## Task requirements
A faithful, word-for-word copy of the data below is required, without pictures.

## Supplied data
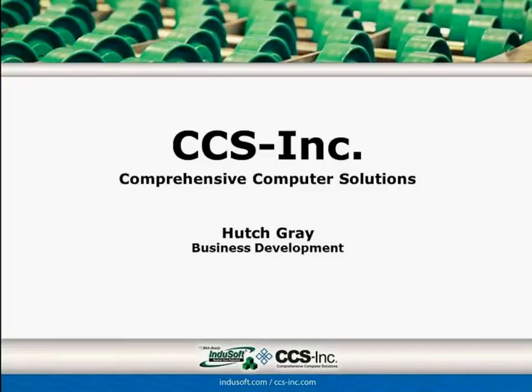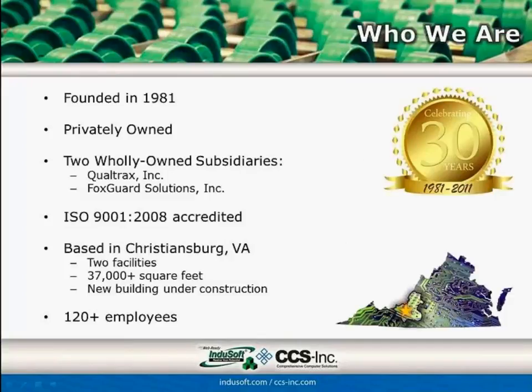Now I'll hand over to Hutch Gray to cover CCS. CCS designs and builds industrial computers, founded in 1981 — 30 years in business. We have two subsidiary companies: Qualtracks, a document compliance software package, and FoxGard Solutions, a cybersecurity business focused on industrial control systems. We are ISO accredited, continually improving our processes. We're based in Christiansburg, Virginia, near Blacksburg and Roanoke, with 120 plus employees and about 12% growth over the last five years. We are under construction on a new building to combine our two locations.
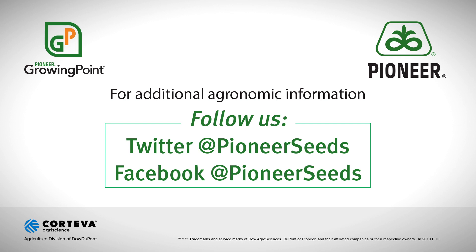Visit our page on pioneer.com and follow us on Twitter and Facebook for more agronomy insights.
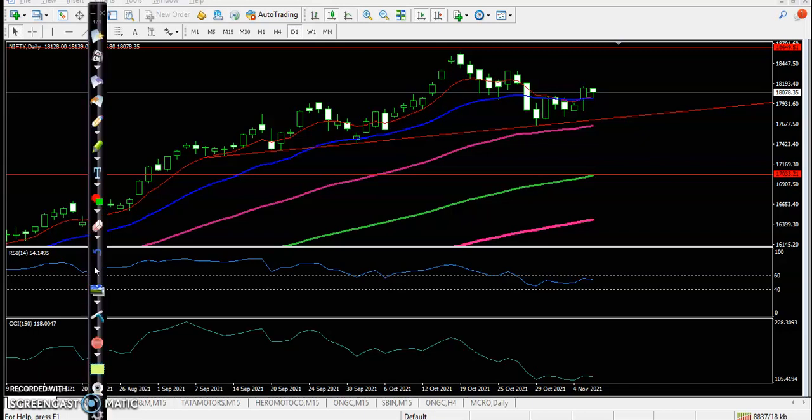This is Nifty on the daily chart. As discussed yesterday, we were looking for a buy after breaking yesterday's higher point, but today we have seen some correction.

## Answer area
Now I'll hand over to Hutch Gray to cover CCS. CCS designs and builds industrial computers, founded in 1981 — 30 years in business. We have two subsidiary companies: Qualtracks, a document compliance software package, and FoxGard Solutions, a cybersecurity business focused on industrial control systems. We are ISO accredited, continually improving our processes. We're based in Christiansburg, Virginia, near Blacksburg and Roanoke, with 120 plus employees and about 12% growth over the last five years. We are under construction on a new building to combine our two locations.
Visit our page on pioneer.com and follow us on Twitter and Facebook for more agronomy insights.
This is Nifty on the daily chart. As discussed yesterday, we were looking for a buy after breaking yesterday's higher point, but today we have seen some correction.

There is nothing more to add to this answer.